I’m not Jewish. Not even close. In fact, I'm in the middle of converting to Catholicism, starting out from Southern Baptist, and that's about as far from Judaism as mainstream Christianity usually gets. But I know and love a lot of Jews. They’re good people. They believe in America. They raise good kids — and a few disasters, the same way every family does. They worship the same God we worship. You can’t pick them out of a crowd; you certainly can’t point at someone and yell “Jew!” like it’s some exotic species. They’re just Americans.
Which is why the sudden spike in Jew-hatred makes no sense to me.

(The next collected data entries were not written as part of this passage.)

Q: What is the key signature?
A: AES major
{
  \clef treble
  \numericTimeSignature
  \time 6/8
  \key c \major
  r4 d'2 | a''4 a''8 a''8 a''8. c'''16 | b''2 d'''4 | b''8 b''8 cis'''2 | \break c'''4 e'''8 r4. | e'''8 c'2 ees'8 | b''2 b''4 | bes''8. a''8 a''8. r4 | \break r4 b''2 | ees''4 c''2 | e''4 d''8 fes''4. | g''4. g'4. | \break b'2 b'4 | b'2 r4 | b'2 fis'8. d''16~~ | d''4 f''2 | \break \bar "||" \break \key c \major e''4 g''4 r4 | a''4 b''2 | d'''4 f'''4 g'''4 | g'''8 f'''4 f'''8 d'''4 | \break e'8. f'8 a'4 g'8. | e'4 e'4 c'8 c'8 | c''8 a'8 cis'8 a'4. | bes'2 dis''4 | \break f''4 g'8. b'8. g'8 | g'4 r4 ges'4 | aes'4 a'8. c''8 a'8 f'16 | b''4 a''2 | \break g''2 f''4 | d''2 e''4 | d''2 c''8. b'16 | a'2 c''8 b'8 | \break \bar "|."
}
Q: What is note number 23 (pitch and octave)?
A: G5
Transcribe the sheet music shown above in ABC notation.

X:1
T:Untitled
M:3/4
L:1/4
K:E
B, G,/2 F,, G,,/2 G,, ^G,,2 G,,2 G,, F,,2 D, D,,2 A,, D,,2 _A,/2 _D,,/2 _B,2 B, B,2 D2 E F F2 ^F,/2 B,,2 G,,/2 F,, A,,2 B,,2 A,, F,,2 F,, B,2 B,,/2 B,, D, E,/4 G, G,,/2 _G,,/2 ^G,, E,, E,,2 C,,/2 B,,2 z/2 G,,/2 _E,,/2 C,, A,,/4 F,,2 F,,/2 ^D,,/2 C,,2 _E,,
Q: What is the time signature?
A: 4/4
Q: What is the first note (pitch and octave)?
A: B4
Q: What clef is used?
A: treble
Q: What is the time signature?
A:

It’s everywhere, rising fast, and it’s coming from both left and right extremes at once. When hatred erupts this quickly in defiance of basic reality, something deeper is at work. And history tells us exactly what that something is.
The Long Shadow
Jewish history is a long, grim lesson in how fragile civilizations can be when they let envy replace responsibility. From Rome’s expulsions to medieval Europe’s blood libels to the pogrom cycles across Russia, Jews have been the canary in every coal mine. Whenever a society grew frightened, unstable, or incompetent, the accusations poured out: Jews caused the plague. Jews corrupted the economy. Jews were too wealthy. Or too poor. Or too powerful. Or too weak. The contradictions never mattered, because antisemitism isn’t a logic. It’s a reflex.
The modern era didn’t improve much. Russia terrorized its Jewish population through the 19th century. France disgraced itself with the Dreyfus Affair. And Germany industrialized the ancient impulse into the Holocaust. After the war, Jews were expelled from Middle Eastern countries that had hosted them for centuries. Over and over, the same script played out: instability → resentment → projection → violence.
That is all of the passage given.